Re: [PATCH V3] kernel/hung_task.c: Introduce sysctl to print all traces when a hung task is detected

From: Dmitry Vyukov
Date: Mon Mar 30 2020 - 05:02:03 EST


On Mon, Mar 30, 2020 at 10:49 AM Dmitry Vyukov <dvyukov@xxxxxxxxxx> wrote:
>
> On Mon, Mar 30, 2020 at 2:43 AM Guilherme Piccoli
> <gpiccoli@xxxxxxxxxxxxx> wrote:
> >
> > Hi Tetsuo and Dmitry, thanks for noticing this Tetsuo. And sorry for
> > not looping you in the patch Dmitry, I wasn't aware that you were
> > working with testing. By the way, I suggest people interested in linux
> > testing to create a ML; I'd be glad to have looped such list, but I
> > couldn't find information about a group dealing with testing.
> >
> > So Tetsuo, you got it right: just change it to
> > "sysctl.kernel.hung_task_all_cpu_backtrace=1" and that should work
> > fine, once Vlastimil's patch gets merged (and I hope it happens soon).
> > Cheers,
> >
> >
> > Guilherme
>
> +LKML, workflows, syzkaller, kernelci, cki, kbuild
>
> Tetsuo, thanks for notifying again.
>
> Yes, kernel devs breaking all testing happens from time to time and
> currently there is no good way to address this.
> Other things I remember is the introduction of CONFIG_DEBUG_MEMORY,
> which defaults to =n and disables KASAN, which in turn produced an
> explosion of assorted crashes caused by memory corruptions; also
> periodic changes in kernel crash messages which I assume all testing
> systems parse and need to understand.
>
> Is there already a mailing list for this?
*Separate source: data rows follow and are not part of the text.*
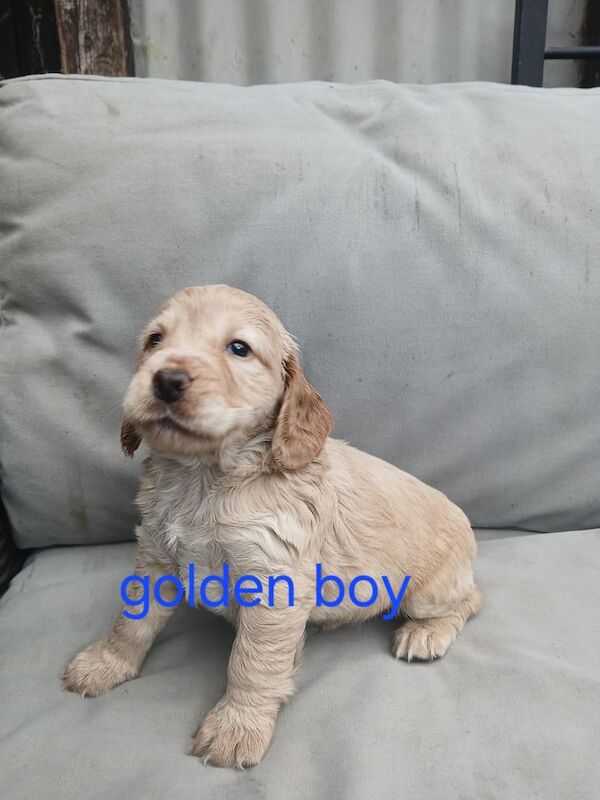 Cocker Spaniel puppies for sale in Crediton, Devon – KC registered, 4 months old - Image 2 of 3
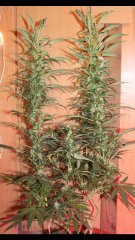 Amnesia Mac Ganga +30 flo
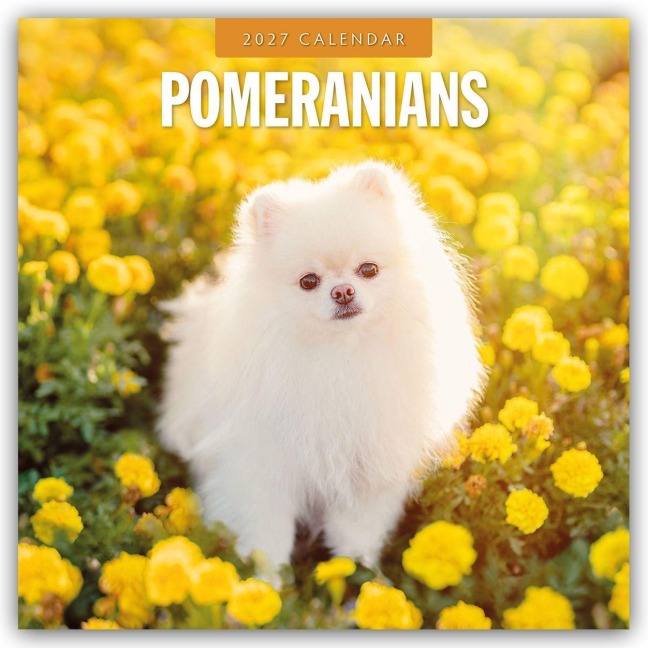 Pomeranians - Zwergspitz - Pomeranian Zwergspitz 2027 - 16-Monatskalender - Robin Red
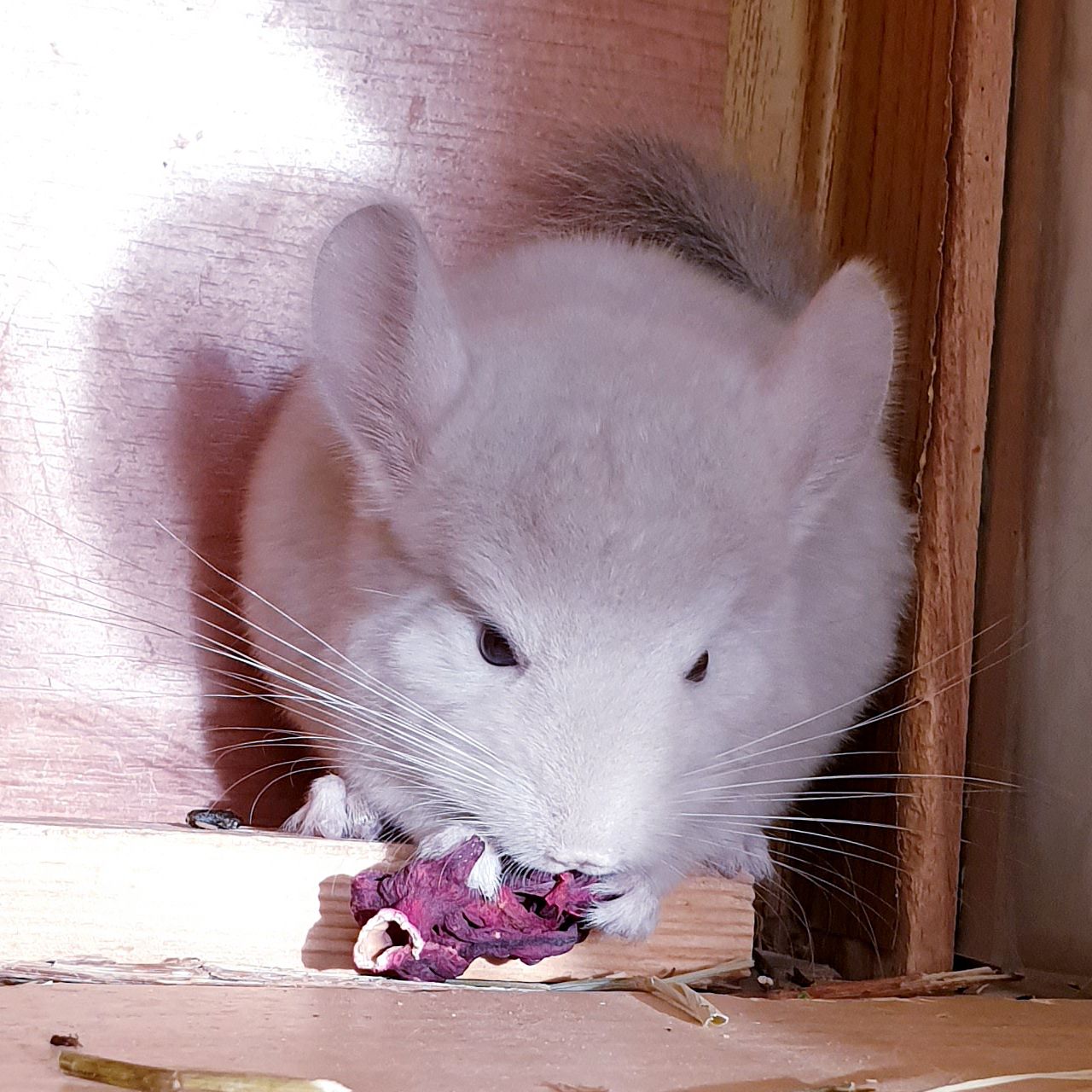 Маленький самец шиншиллы Бежевый фиолет эбони носитель ангоры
Or should we create one?
> I.e. announce and changes that may need actions from all testing
> systems.
> Another thing that may benefit from announcements is addition of new
> useful debugging configs. Currently they are introduced silently and
> don't reach the target audience.

I've fixed this up:
https://github.com/google/syzkaller/commit/c8d1cc20df5ca5d9ea437054720fa3cfdfa1f578

But what would be even better is some kind of canned configs/settings
for testing systems so that I enable it once and then such changes
magically auto-happen for me.
Imposing work on N testing systems maintainers is not good.
And there really is no good point in the current kernel dev process
for this. Announcing unmerged changes is too early (as this patch
showed). And once it's in linux-next it's already too late..
And I don't want to be inventing a new unique kernel configuration for
testing. I don't think it's the right way to approach this. Whatever
is "the testing configuration", whatever kernel developers want to see
in task hang reports, I just want the system to provide that.